Powerful revolvers are good crossover guns
Many discussions of handguns focus on “tactical” semi-autos and easily concealable revolvers. That’s fine. But there is more. There are full-size, powerful revolvers that can be used for virtually anything involving handguns. They come to the fore where tactical/concealable arms are less than the best choices.
Hunting is one such application. For mid-size or larger game (hogs, deer, etc.), “magnum” revolvers are the best handgun picks.
CROSSOVER REVOLVERS INCLUDE the .44 Mag (upper left) and .41 Mag (upper right). They compare with the 1911 in .45 ACP.
Big revolvers can be pressed into defensive service, as well. When concealed carry is not a requirement, a big, powerful revolver has many things going for it.
I am not suggesting that anyone should abandon the tactical/concealable arms if those types serve the shooters’ purposes. Rather, I suggest that shooters consider expanding their effectiveness.

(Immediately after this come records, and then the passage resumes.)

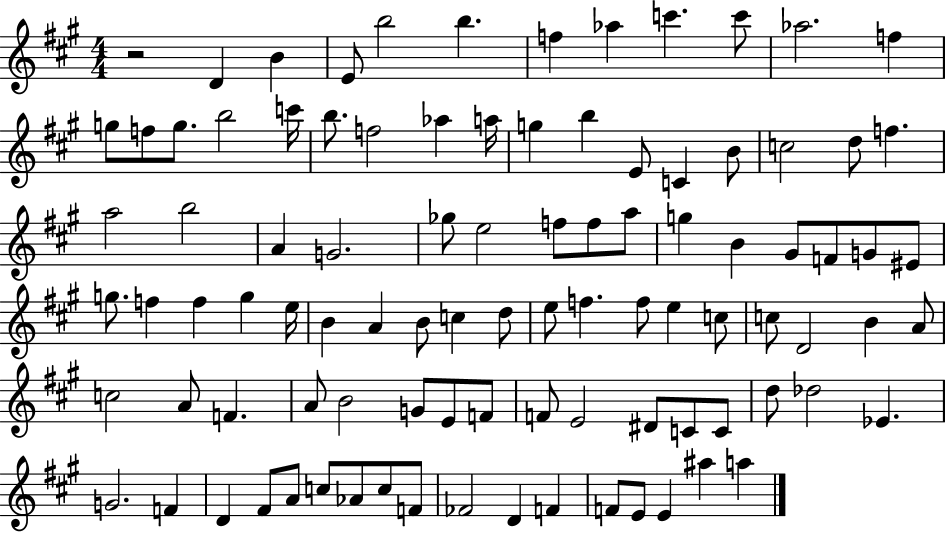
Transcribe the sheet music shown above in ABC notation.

X:1
T:Untitled
M:4/4
L:1/4
K:A
z2 D B E/2 b2 b f _a c' c'/2 _a2 f g/2 f/2 g/2 b2 c'/4 b/2 f2 _a a/4 g b E/2 C B/2 c2 d/2 f a2 b2 A G2 _g/2 e2 f/2 f/2 a/2 g B ^G/2 F/2 G/2 ^E/2 g/2 f f g e/4 B A B/2 c d/2 e/2 f f/2 e c/2 c/2 D2 B A/2 c2 A/2 F A/2 B2 G/2 E/2 F/2 F/2 E2 ^D/2 C/2 C/2 d/2 _d2 _E G2 F D ^F/2 A/2 c/2 _A/2 c/2 F/2 _F2 D F F/2 E/2 E ^a a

What is a big, powerful revolver? For some, that type of handgun begins with .357 Magnum. For me, big/powerful begins at .41 Magnum. The .357 Magnum is a superb cartridge. But it is a bit light as a primary hunting cartridge for medium to larger game.
I consider the .41 and .44 Magnums to be performance equals. The next step up in power is the .454 Casull/.460 S&W. Both are significantly more effective than the .41/.44 Mags. The .45/70 revolvers also fall into the mid-size biggies. For me, a true big, powerful revolver shoots the .500 S&W Magnum. The .500 S&W is primarily a hunting handgun.
Those considering a hunting/defense crossover revolver, the .41/.44 Magnum size makes most sense. Enough power for hunting, yet not overwhelming in other applications.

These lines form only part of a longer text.